The wireframes are reviewed with the team so we can refine them and include elements like buttons and other interface widgets while still avoiding color and images. Once the team is happy with how the pages are laid out and elements are positioned, we either present them to end users for testing, or if the deadline is tight, we move on to visual design.
What is a Storyboard?
A storyboard is a visual representation of how scenes and actions might play out as a user enters and navigates a website. Storyboards lay out different designs and concepts of the website, showcasing sequences of wireframes in a specific order. These wireframes are developed earlier in the overall design process.
The storyboard process assists UX developers in planning and mocking up features and functions on a website. They are lightweight and presented in sequential order so clients can offer early feedback prior to any development being done. Storyboards show how users can interact with a website and are a great way to open lines of communication about how a website will work for its users. It's an important step in getting things right and confirming any requirements up front, which keeps development costs down.

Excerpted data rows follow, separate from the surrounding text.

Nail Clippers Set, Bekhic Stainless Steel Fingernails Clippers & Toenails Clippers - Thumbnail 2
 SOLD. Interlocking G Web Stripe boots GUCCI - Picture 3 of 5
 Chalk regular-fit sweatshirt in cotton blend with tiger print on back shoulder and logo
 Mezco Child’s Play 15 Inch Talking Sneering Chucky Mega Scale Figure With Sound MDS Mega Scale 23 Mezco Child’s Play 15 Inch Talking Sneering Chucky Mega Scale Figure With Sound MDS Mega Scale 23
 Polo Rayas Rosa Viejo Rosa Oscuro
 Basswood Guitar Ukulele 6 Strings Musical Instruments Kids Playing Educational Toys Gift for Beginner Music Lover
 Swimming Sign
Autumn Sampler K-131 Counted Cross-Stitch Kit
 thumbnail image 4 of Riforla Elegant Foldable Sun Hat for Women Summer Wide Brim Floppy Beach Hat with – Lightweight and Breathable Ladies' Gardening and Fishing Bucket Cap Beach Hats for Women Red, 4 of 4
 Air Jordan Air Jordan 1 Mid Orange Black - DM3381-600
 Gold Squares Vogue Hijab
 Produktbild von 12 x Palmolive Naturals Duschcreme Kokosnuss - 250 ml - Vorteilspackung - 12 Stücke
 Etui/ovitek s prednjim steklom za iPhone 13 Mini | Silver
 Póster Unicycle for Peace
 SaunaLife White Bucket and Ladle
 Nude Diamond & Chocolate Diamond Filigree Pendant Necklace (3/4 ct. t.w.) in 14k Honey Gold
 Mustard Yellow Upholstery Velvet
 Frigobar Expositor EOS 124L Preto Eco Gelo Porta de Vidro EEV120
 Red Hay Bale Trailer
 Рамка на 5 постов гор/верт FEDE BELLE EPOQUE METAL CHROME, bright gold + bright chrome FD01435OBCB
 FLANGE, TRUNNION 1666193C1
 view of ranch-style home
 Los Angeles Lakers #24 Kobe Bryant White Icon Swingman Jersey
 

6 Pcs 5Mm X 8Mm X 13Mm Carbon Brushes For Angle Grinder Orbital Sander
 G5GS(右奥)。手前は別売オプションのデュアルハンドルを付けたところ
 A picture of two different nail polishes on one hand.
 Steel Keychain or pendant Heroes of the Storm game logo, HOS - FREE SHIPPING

Storyboards can be created in numerous ways, using a variety of different tools. Even Powerpoint presentations can be used as a cost effective method of presentation.
One thing is certain when it comes to these initial processes: The team you hire should include you in each step of their designing process. They should explain why each step is important and what value they're bringing to your project.
If a sitemap isn’t discussed in the initial stages of a project, it's likely that development won't know how to structure the pages for your website. This could lead to old, outdated content remaining on your new website, and the scope of your project may increase later on.
Wireframes are important stepping stones to visual design. Without wireframes, your cost has the potential to increase later in the process due to the need to correctly configure the layout of your pages. It’s a lot easier to move around simple grayscale visuals than it is to revise fully flushed out visual designs.
The Feel Good Conclusion (complete with warm fuzzies)
Your work as marketers is tough enough. You shouldn't have to navigate around definitions. So that’s really the point here. Don’t ever be afraid to ask a question so you can get confirmation. If the agency you hire isn’t willing to dig in with you so you can fully understand their process, then they're not valuing you as a client. Your agency should be your biggest supporters, advocates, and teachers. If that’s not the case, you should set them straight ASAP.